Makassar (ANTARA) - Gubernur Sulawesi Selatan Andi Sudirman Sulaiman mengatakan Pemprov Sulsel mendapatkan kuota afirmasi minimal 10 persen bagi siswa-siswi berprestasi untuk diterima di Politeknik Pengawas Obat dan Makanan (POM).

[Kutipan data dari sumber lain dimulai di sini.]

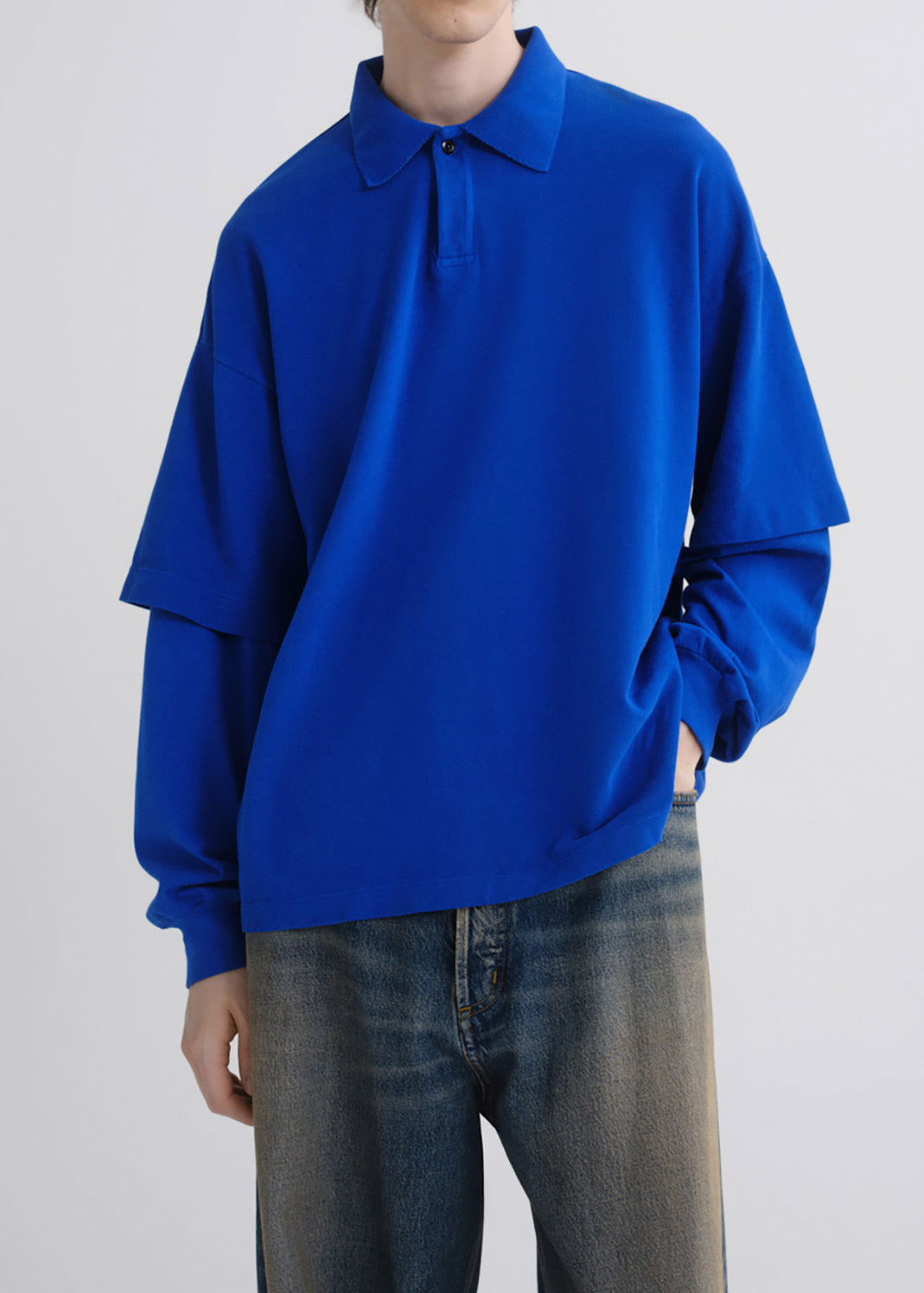 A person wearing a bright royal blue long-sleeve polo shirt with a relaxed oversized fit and dark blue jeans, photographed against a grey background.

Pemprov Sulsel dan Badan POM RI telah menandatangani nota kesepahaman (MoU) dan hibah lahan seluas 10 hektare untuk pendirian Politeknik POM di Kawasan Pucak, Kabupaten Maros, Sulsel.
“Insya Allah kami Pemprov Sulsel akan mendapatkan minimal 10 persen kuota afirmasi bagi siswa-siswi berprestasi dari SMA dan SMK se-Sulsel untuk melanjutkan pendidikan di politeknik ini,” kata Gubernur Andi Sudirman di Makassar, Kamis.
Tak hanya itu, kata dia, para lulusan juga berpeluang besar mendapatkan ikatan dinas.
Diperkirakan sebanyak 50 persen dari total lulusan nantinya akan direkrut sebagai tenaga penyuluh BPOM yang akan ditempatkan di seluruh wilayah Indonesia.
Pemprov Sulsel dan BPOM RI berharap proyek strategis ini dapat berjalan lancar serta memberikan manfaat besar bagi kemajuan pendidikan dan penguatan pengawasan obat dan makanan di tanah air.
Gubernur Sulsel menyampaikan bahwa kerja sama ini merupakan langkah strategis dalam meningkatkan kualitas sumber daya manusia (SDM) di wilayah Sulsel dan Indonesia secara umum.
Pendirian politeknik ini menjadi tonggak sejarah penting karena akan menjadi lembaga pendidikan pertama di Indonesia Timur yang secara spesifik fokus pada pengawasan obat dan makanan. Proyek ini direncanakan menggunakan skema pembiayaan multiyears dengan estimasi anggaran mencapai Rp1,7 triliun.
"Mari mendoakan semoga dilancarkan dan bermanfaat bagi peningkatan investasi SDM Sulsel dan Indonesia," tandasnya.